The drug retention rate of interleukin-1 inhibitors (IL-1) used to treat systemic juvenile idiopathic arthritis (JIA) appears to be quite high according to a new study.
Investigators performed a retrospective cohort review of 77 sJIA patients enrolled from 15 Italian centers who were treated with either anakinra (ANA) and canakinumab (CAN). The mean age of these patients was 12.7 years and mean sJIA disease duration was 4 years.
The retention rate of these IL-1 inhibitors at 12-, 24-, 48-, and 60-months of follow-up was 79.9%, 59.5%, 53.%5, and 53.5%, respectively.

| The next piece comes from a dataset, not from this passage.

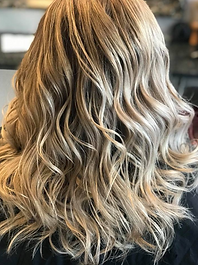 Salon Simon'e in Williamsport, PA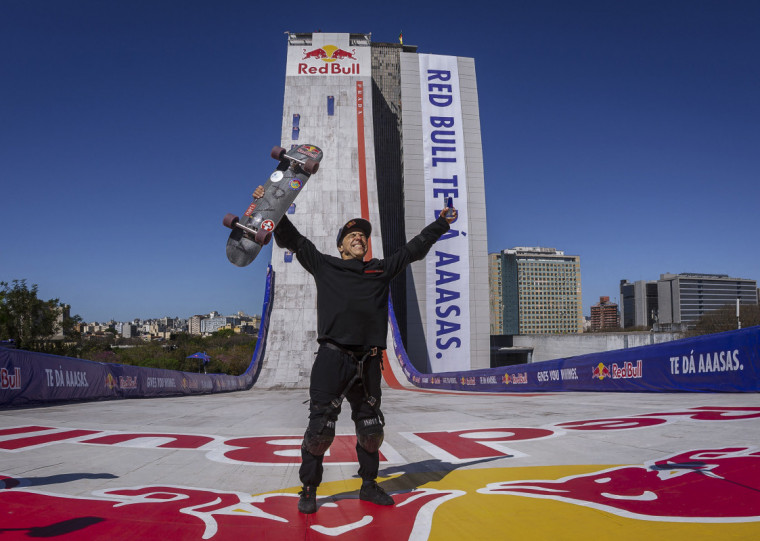 Sandro Dias, o Mineirinho, realizou o sonho de muitos gaúchos ao 'dropar' o tradicional prédio no Centro da Capital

While the differences were not statistically different between ANA and CAN, the cumulative survival (retention) trended in favor of CAN, without concomitant DMARD (p = 0.056) and with concomitant DMARD use (p = 0.058). Survival was significantly better with first time use of an IL-1 inhibitor.
Adverse events were significantly more frequent in those previously treated with biologic drugs (p = 0.038) compared to biologic naive patients.
Those with a higher risk of IL-1 inhibitors withdrawal included patients previously treated with other biologics (HR = 3.357 [CI: 1.341-8.406], p = 0.01) and those experiencing AEs (HR = 2.970 [CI: 1.186-7.435], p = 0.020).
These data suggest an excellent overall for both ANA and CAN, especially when used first line to manage sJIA.